Primeiramente existimos e apenas depois de nos descobrirmos é que de fato surgimos no mundo, e então nos definimos. Não espere que todos pensem como você, ajam como você…

Não sou utópica a ponto de fingir que não existe segregação e preconceito, mas sou existencialista o suficiente para ter fé de que o ser humano ainda tem jeito.

Assuma o seu papel dentro de si. Aceite se como você de fato é.

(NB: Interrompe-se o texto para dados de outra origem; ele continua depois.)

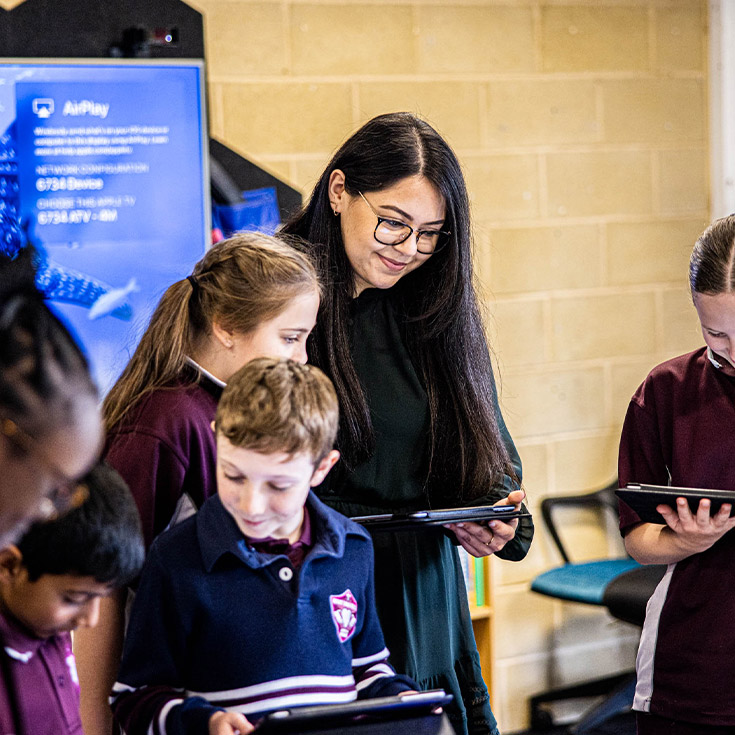Students with her students in the classroom at Mary Immaculate Primary School Quakers Hill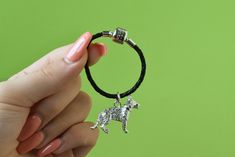 a woman holding onto a black cord bracelet with a silver dog charm on it's end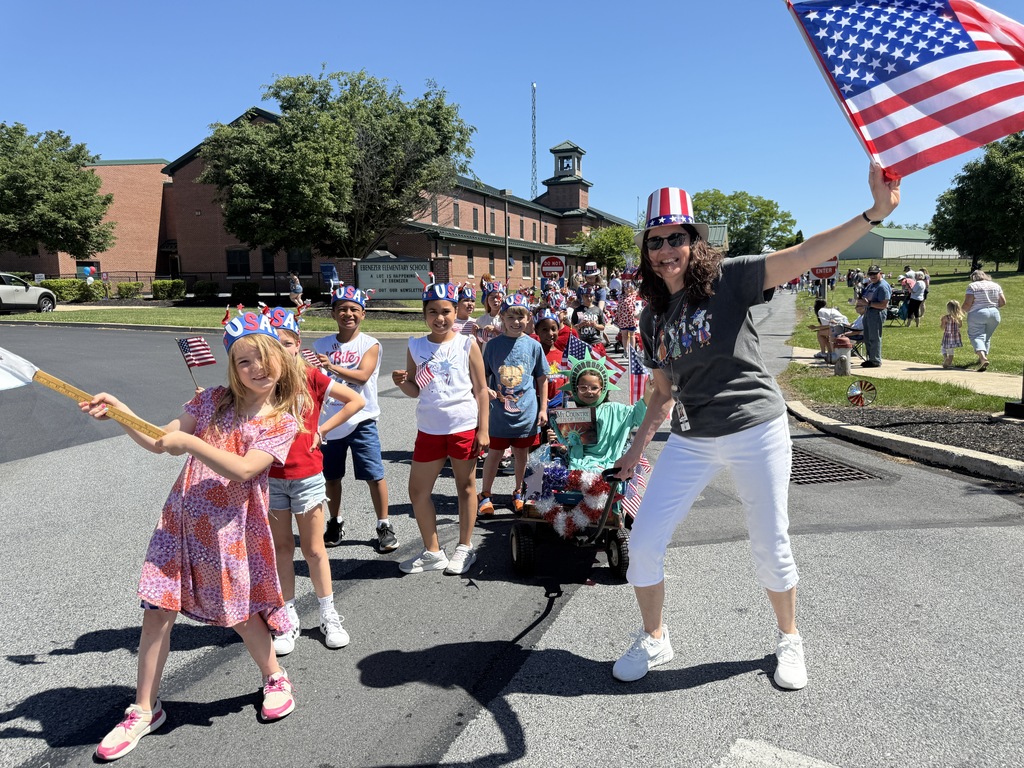 Elementary students and their teacher pose for a photo during the parade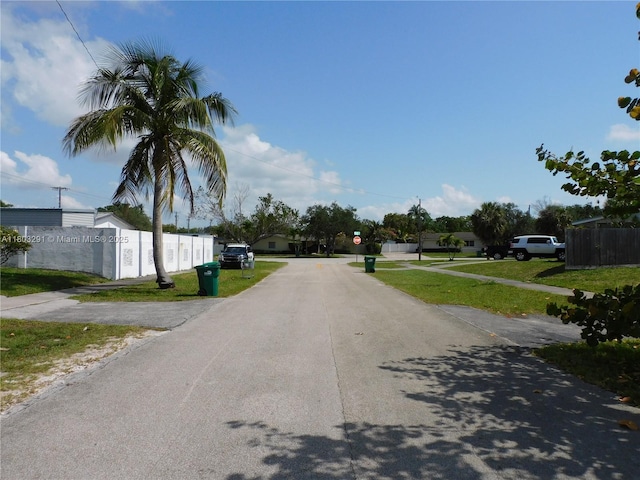 view of asphalt road with traffic signs
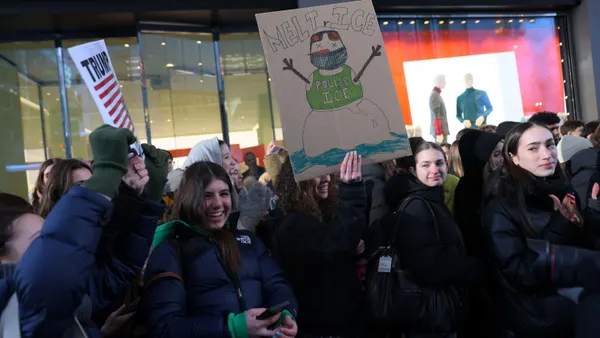 In a crowd of protesters, one person holds up a sign with a melting snowman that says "Melt ICE."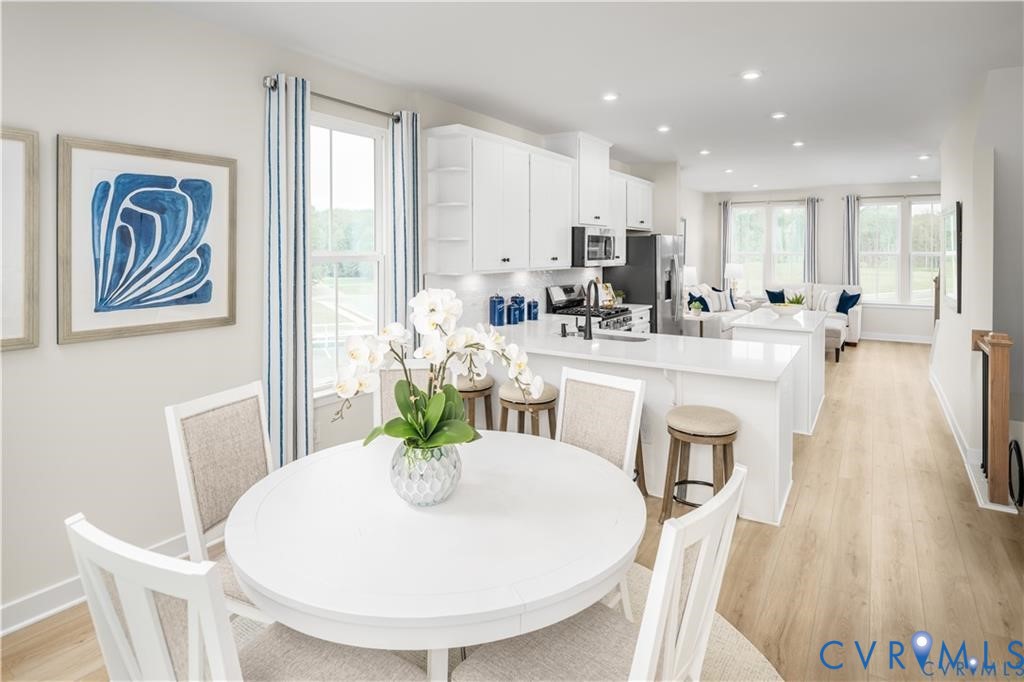 4717 Cloverleigh Drive Midlothian, VA 23112 - Photo 13 of 23 a dining room with furniture and wooden floor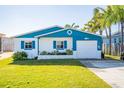 Charming beach cottage with blue accents and lush lawn at 275 Randle Ave, Oak Hill, FL 32759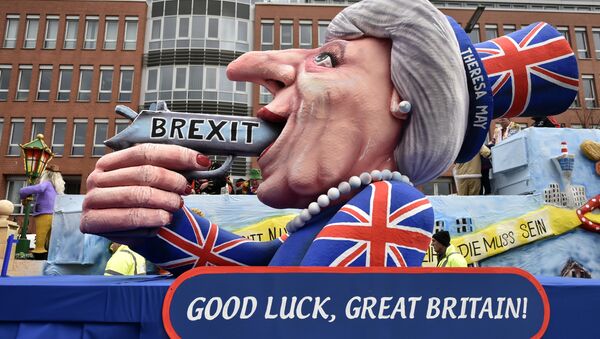 A carnival float depicts British Prime Minister Theresa May with a gun and the writing 'Brexit' on it prior to the traditional carnival parade in Duesseldorf, Germany, on Monday, Feb. 27, 2017. - Sputnik International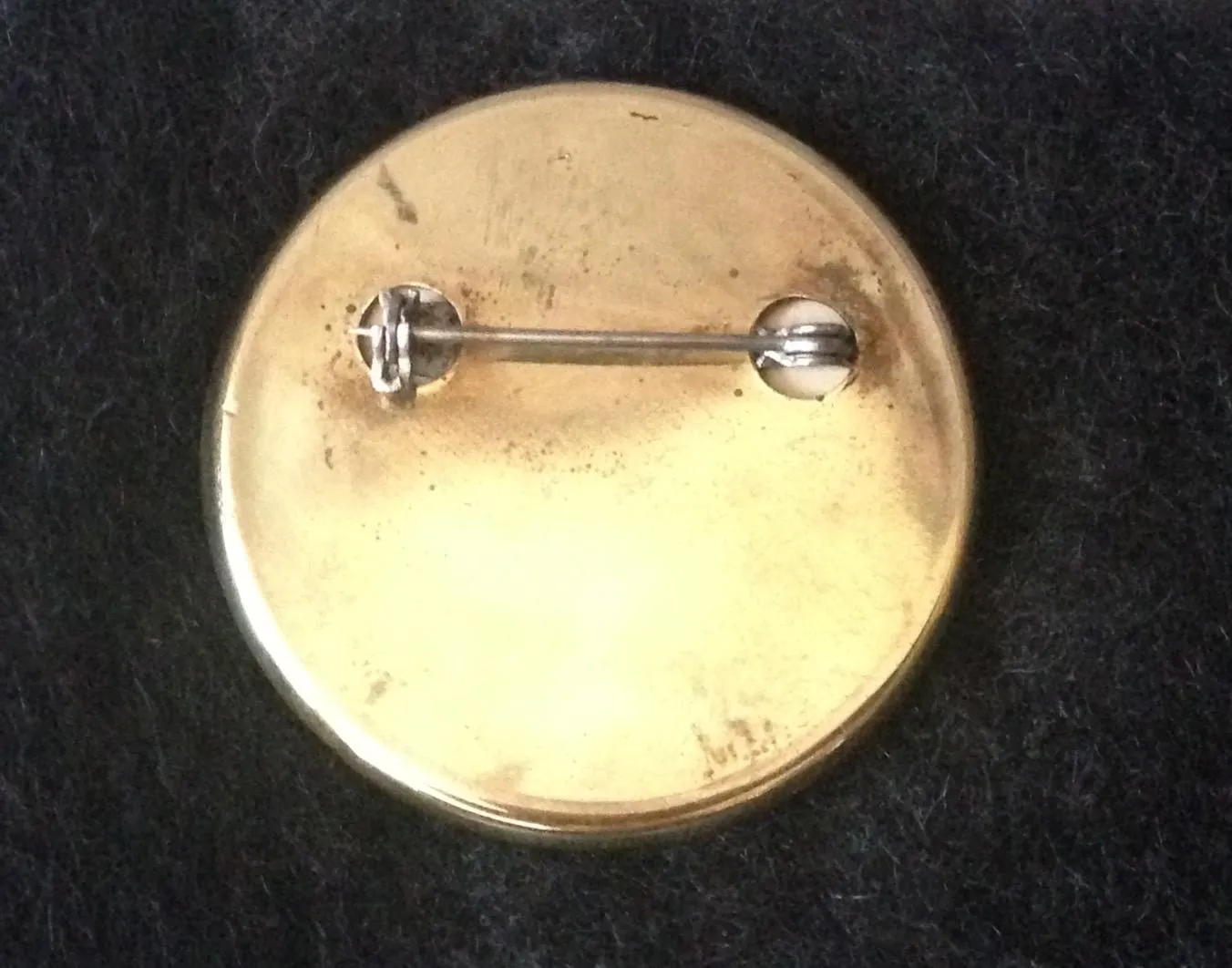 Pin Brass Rosette Featuring a Side Saddle Rider Taking a Hedge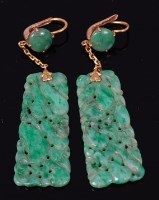 Lot 2214 - A pair of carved celadon jade and yellow metal...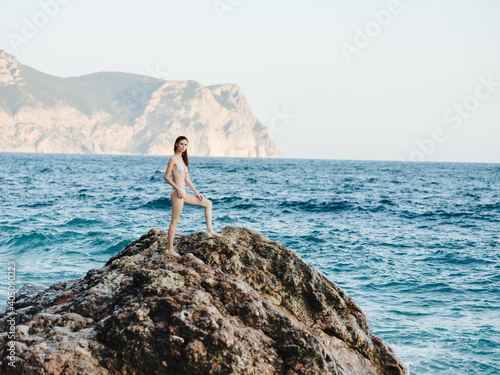 woman stands on a high rock in nature near the sea and a mountain in the backgroun © SHOTPRIME STUDIO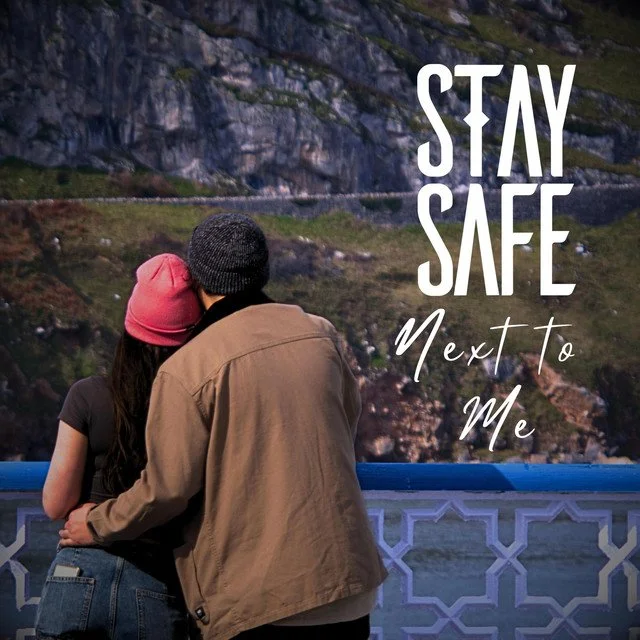 Next to Me downloaded from SpotiSongDownloader.jpg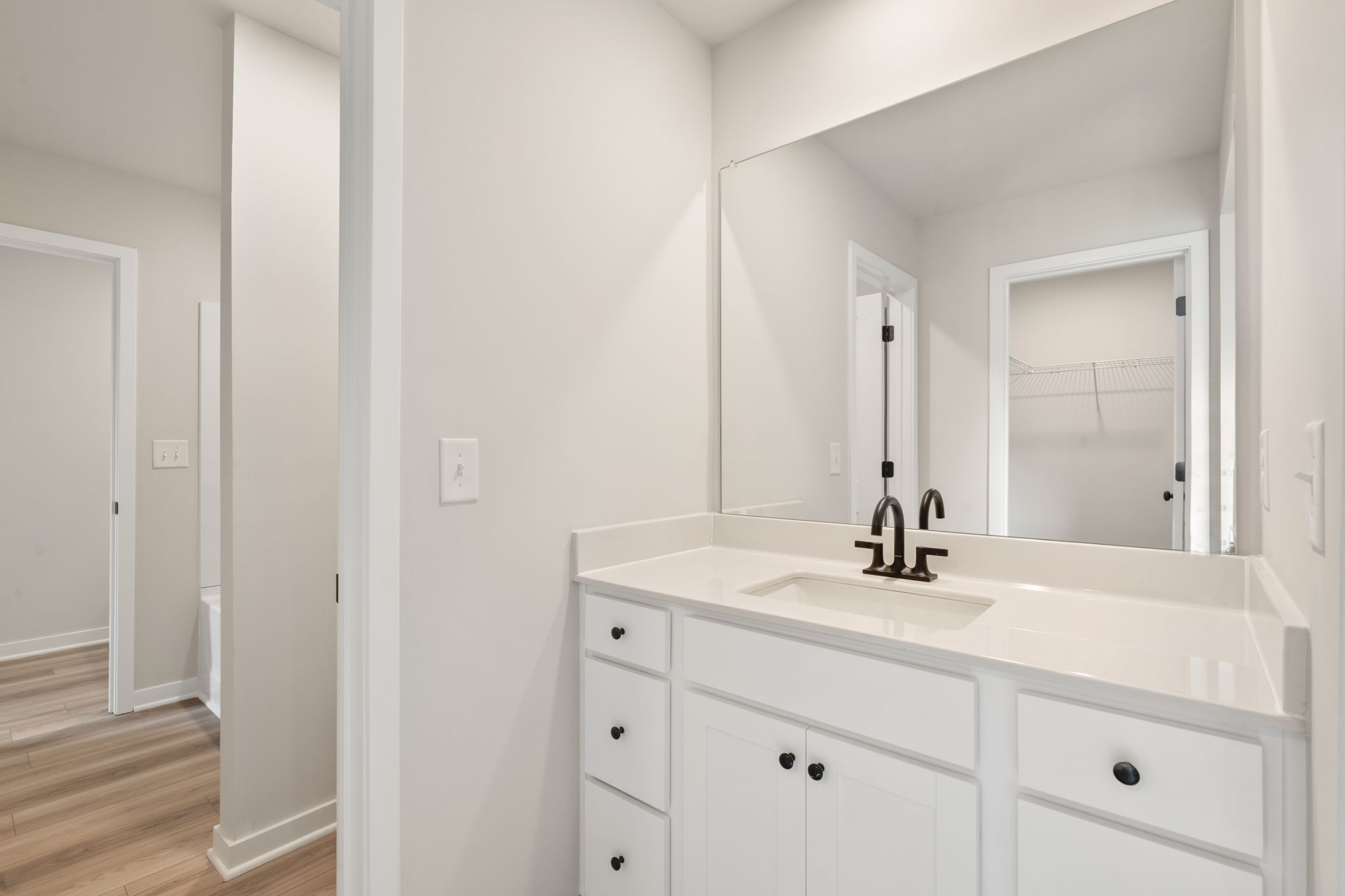 A bathroom with white cabinets.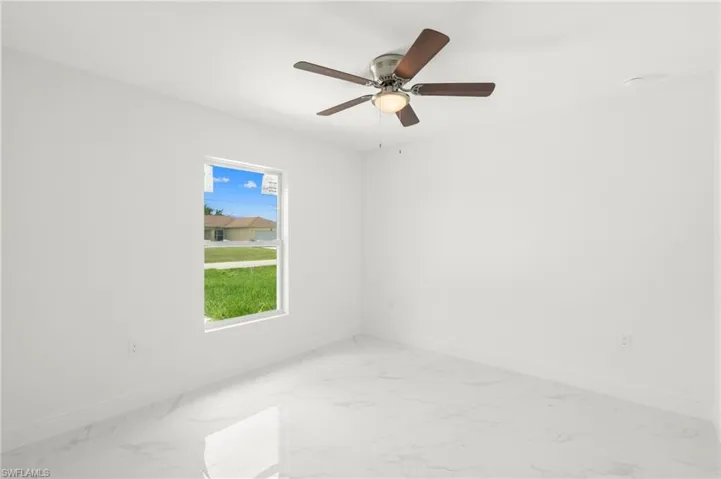 Tiled spare room with ceiling fan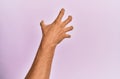 Arm and hand of caucasian young man over pink isolated background grasping aggressive and scary with fingers, violence and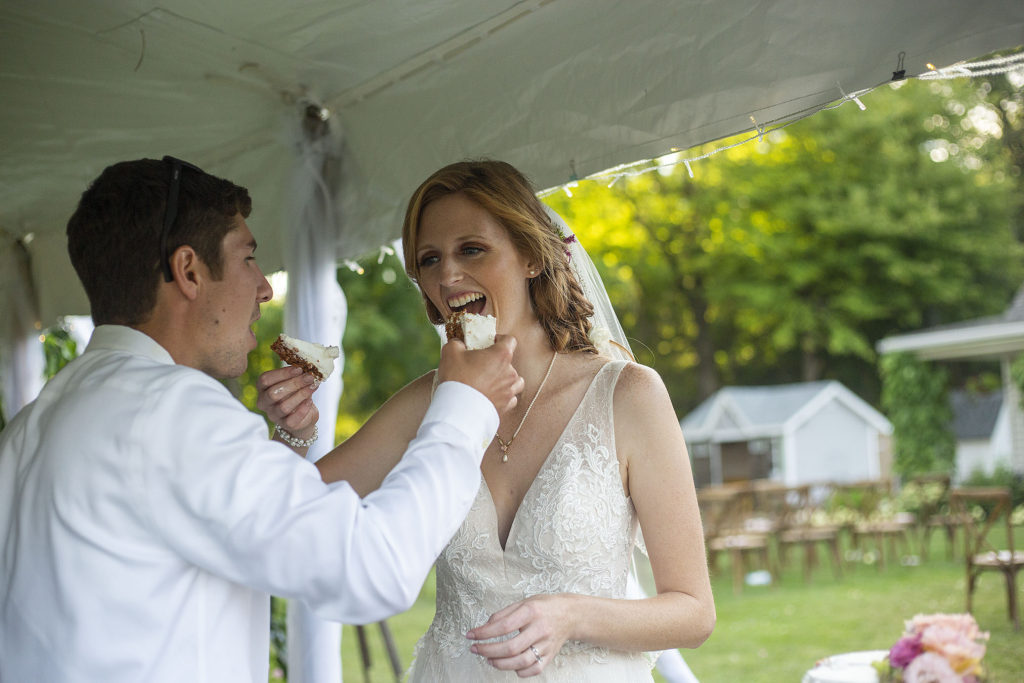 Feeding each other wedding cake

Sei por exemplo, que minha risada é feia, mas eu rio mais ainda quando alguém acha esquisito. Sou baixinha e abuso do salto-alto, e assim sigo achando graça em tudo e sem me abster do que me faz bem porque alguém pode achar que não deveria ser assim. Ao passo que aceitarmos a nos mesmos, passaremos a aceitar também o outro, suas escolhas e diferenças.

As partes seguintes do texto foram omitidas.